Uncle George, last seen in 1803 receiving the encumbrances Jane and Yorrick into his Berners Street house, was not a man to dwell on failure and its consequences. Once the children had been consigned to the Mr. Tulloch who brought them up north, they apparently dropped from his consciousness, for Uncle George's surviving letters in the Gordon Cumming Depository make no mention either of Jane or of Yorrick. In 1814, however, the specter of their father, his late and hitherto unlamented nephew George, briefly came back to haunt him. His second coming gave the now sixty-two-year-old uncle, losing his eyesight but still involved in profitable financial speculation and East India Company affairs, the opportunity to reflect on the harsh attitude and unkind words he had directed toward the young man who had not made it to his thirtieth birthday.

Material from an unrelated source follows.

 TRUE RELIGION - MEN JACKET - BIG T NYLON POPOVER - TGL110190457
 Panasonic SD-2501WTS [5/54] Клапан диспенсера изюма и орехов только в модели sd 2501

Sometime around June of that year, the uncle received a parcel containing George's nymph poems of 1794. He wrote George's brother Sir William on June 14, telling him that he was “putting the parcel in [his] trunk.” The perusal of Colonel Lawtie's letter and the poems written by his “poor brother,” he said, would give “pleasure (tho’ a melancholy pleasure)”; he advised him to remember that they were written “more than 20 years ago, and wrote [sic] without the most distant idea of being seen by anyone, but to the person they are addressed.” Lawtie's letter has not survived, but Sir William, who had at best only the faintest memories of his elder brother, saved his brother's effusions.

In 1811 Lords Hope, Meadowbank, Robertson, Newton, and Boyle visited the house in Drumsheugh that the year before had been Woods and Pirie's boarding school. By 1816, when the Law Lords began reviewing the documents, the house had been demolished. Meadowbank and Newton were dead, as was Lord Polkemmet, who had cast the deciding vote without ever attending a session. So was Lord Woodhouselee, and one of the most articulate witnesses, Elizabeth Hamilton.

Helen was very much alive. In the winter of 1816, the sixty-two-year old was living at 22 Charlotte Square.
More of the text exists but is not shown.